Le principe d’innovation responsable renvoie au principe de responsabilité : présent depuis longtemps dans le droit français – responsabilité civile, responsabilité pénale ou encore responsabilité contractuelle –, il englobe à la fois le principe de précaution, le principe de prévention, le principe de réparation, les droits d’information et de participation, tous principes intégrés dans la Charte de l’environnement de 2004. En l’état actuel du droit, les chercheurs et les entreprises doivent prouver l’absence de risques dans leurs projets au lieu de mettre en avant les risques avérés. Ils sont astreints à une obligation de résultat plutôt que de moyens, ce qui conduit parfois à des situations qui suscitent des débats passionnés, comme sur le bisphénol A.
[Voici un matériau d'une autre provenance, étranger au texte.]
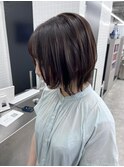 艶髪切りっぱなしボブ束間レイヤーボブ　オリーブベージュ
Le principe d’innovation responsable, combinaison du principe d’innovation et du principe de précaution, est équilibré et couvre un large champ, car le principe de précaution concerne non seulement l’environnement mais aussi l’agriculture et l’industrie où il est parfois source de blocages.

Il s’agit pour nous, non pas de revenir sur un choix politique que nous n’assumerions plus, mais d’avancer avec notre temps à travers une proposition novatrice dans laquelle chacun peut se retrouver. Il faut comprendre que la France doit se donner les moyens d’être un pays innovant si elle veut sortir des difficultés économiques qu’elle connaît.

M. Philippe Kemel, rapporteur. Le texte que nous examinons pour avis vise à déconstitutionnaliser le principe de précaution au bénéfice d’un principe d’innovation responsable. Nous considérons que ce n’est pas une bonne solution : ce nouveau principe comporte des lacunes particulièrement importantes et n’a pas de pertinence juridique. C’est la raison pour laquelle j’ai émis un avis défavorable à l’adoption de cette proposition de loi.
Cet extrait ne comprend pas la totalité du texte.